Yes, you read that correctly. Internal bloodletting. Leeches up the vagina. Aren't you glad to live in the 21st century?

By now, modern medicine understands that endometriosis is an extremely painful gynecological condition where cells from the endometrium — that is, the innermost layer of the uterus — show up elsewhere in the body. These growths of endometrial cells, also called ectopic lesions, cause infertility in affected women as well as inflammation and scar tissue wherever they grow. That scar tissue can turn into adhesions, sticking abdominal organs together (ow). This condition affects about one in ten women, which means a conservative estimate would be over 15 million people suffering from endometriosis in the United States alone. The only sure diagnosis is through laparoscopic surgery (inserting a camera to get a clear view of the lesions), and the only current treatment of the root cause (the lesions) is through surgery (deep tissue excision or total hysterectomy, which doesn't always help). Symptoms can be treated with painkillers and hormone therapy, but that's the same broad treatment for most gynecological conditions. Even with so many women affected, progress in understanding this disease has been slow.

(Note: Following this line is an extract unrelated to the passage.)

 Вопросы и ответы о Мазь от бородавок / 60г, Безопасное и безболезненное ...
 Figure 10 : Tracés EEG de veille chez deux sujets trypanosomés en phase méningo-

A basic description of endometriosis was first given around the fifth century B.C.

The writers of the Hippocratic Corpus, of the fourth and fifth centuries B.C., narrowed down the symptoms of a gynecological disease to four main factors: pain, infertility, menstrual dysfunction and temporary relief with pregnancy. Although there was some suggestion that social class may influence the condition (that it was somehow only a condition of the upper class), these four symptoms would form a common thread connecting various seemingly distinct conditions with various names that wouldn't be connected in the medical field for thousands of years. Though we now refer to the condition as endometriosis, its most popular name for centuries was "suffocation of the womb" first coined by the Greek philosopher Plato (375 B.C.). According to him, this suffocation occurs because a uterus left too long without pregnancy starts to wander around the young woman's body, hungry for motherhood. If it wanders too far, the tubes get tangled and it is unable to breathe. Women so afflicted in ancient Greece would be treated with succession, the practice of tying the patient upside down on a ladder and shaking them until the womb returns to its proper location. The best prevention method they could come up with was to have girls get married and pregnant as soon as possible after puberty so as to satisfy this hungry and animalistic organ. This method of thinking about gynecological conditions likely contributed to the culture of early marriage for women throughout history and is actually still used in some parts of the world.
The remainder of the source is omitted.